基于声学特征和音乐特征的音乐流派分类研究
发布时间:2018-04-21 07:28
本文选题:音乐流派分类 + 声学特征 ; 参考:《江南大学》2014年硕士论文
【摘要】:音乐流派自动分类是利用信号处理和模式识别等方法对数字音乐样本按照流派风格通过计算机达到类别自动识别的过程,音乐自动检索与流派分类成为了近几年研究的热点。

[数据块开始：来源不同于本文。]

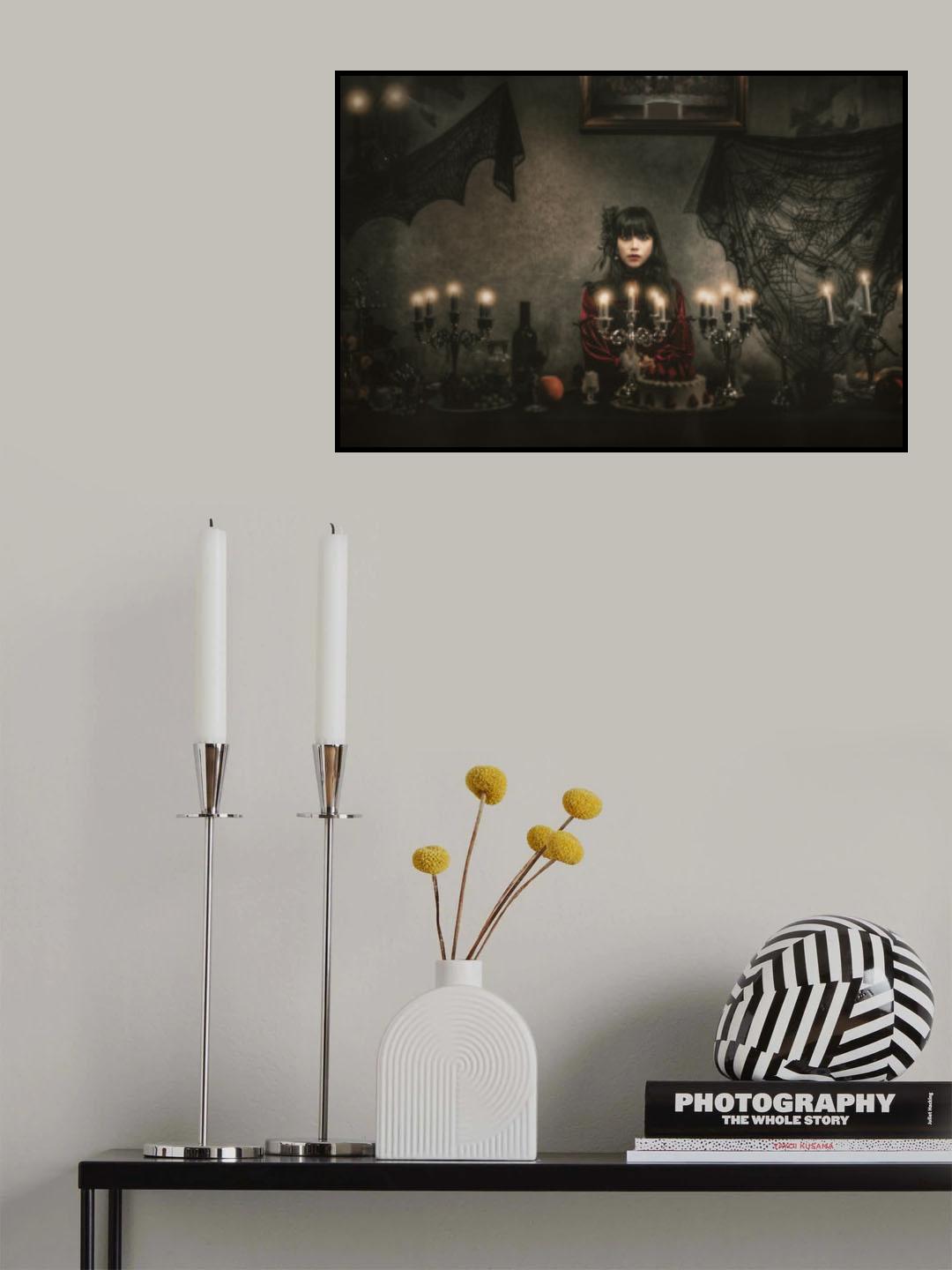 Tha last sapper. Poster och Canvastavla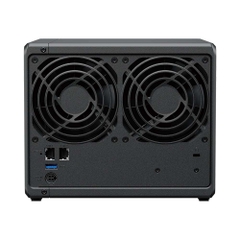 Thiết bị lưu trữ mạng NAS Synology DS423+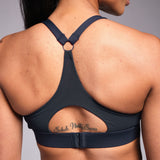 Ultimate Medium Impact Sports Bra Outerspace Navy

音乐样本时间长且复杂多变,由不同人声、乐器的多路混合信号组成,因此音乐流派分类是一项困难的模式识别问题,同时具有很大的研究和应用价值。本文基于声学特征和音乐特征,对流派分类识别特征及其提取方法进行了研究,具体的研究工作如下: 1、研究了音乐节拍的提取方法,提出结合节拍语义特征和MFCC声学特征的音乐流派分类方法。由于音乐节拍的强度、快慢、持续时间等反映了音乐不同流派风格的重要语义特征,而音乐节拍多属于由打击乐器所产生的低频部分,因此利用小波变换对音乐信号进行6层分解提取低频节拍特征;针对节拍特征差异不明显的音乐流派,用描述频域能量包络的MFCC声学特征与节拍特征结合,并基于音乐流派机理分析用8阶MFCC代替常用的12阶MFCC。对8类音乐流派实验仿真结果表明,基于语义特征和声学特征结合的方法,总体分类准确率可达68.4%,同时特征维数增加对分类时间影响很小。 2、研究了基于谱图分离的调制谱特征的音乐流派分类方法。通过分析形成音乐节奏的冲击成分和形成韵律的和声成分在音乐信号中的时频特性,发现直接从音乐信号中提取特征会受到这两种成分相互影响。利用节奏与和声在时频平面具有不同规律的特点,对音乐信号的谱图滤波,分离出音乐中的打击成分与和声成分;对打击与和声谱图分别进行小波调制,得到表现音乐节奏和韵律谱规律的调制谱特征,它表达了音乐流派特点的长时中级特征。仿真实验结果表明:分离后的打击与和声成分谱图更清晰地表征了音乐节奏和韵律的特点和规律,对8类音乐流派提取打击与和声调制谱特征,经LDA降维后利用SVM分类,分类准确率达到了73.5%。 3、研究了基于多尺度Gabor图像纹理特征的音乐流派分类方法。由于一般音乐流派分类系统多基于声学特征,从多路混合的声音信号中提取声学特征,会因为各音乐元素相互间的影响而降低声学特征的分类性能,同时音乐语义元素在时频谱图上呈现出清晰的视觉纹理信息,谱图纹理的疏密、方向间接反映了音乐节奏、韵律等流派特点;因此从图像处理角度通过提取谱图图像多尺度、多方向的二维Gabor纹理特征来获得音乐信号不同角度的时频特征,对8类音乐流派实验仿真结果表明,,基于多尺度Gabor图像纹理特征的分类效果与声学特征相当,总体分类准确率为73.1%,最高可达83.3%。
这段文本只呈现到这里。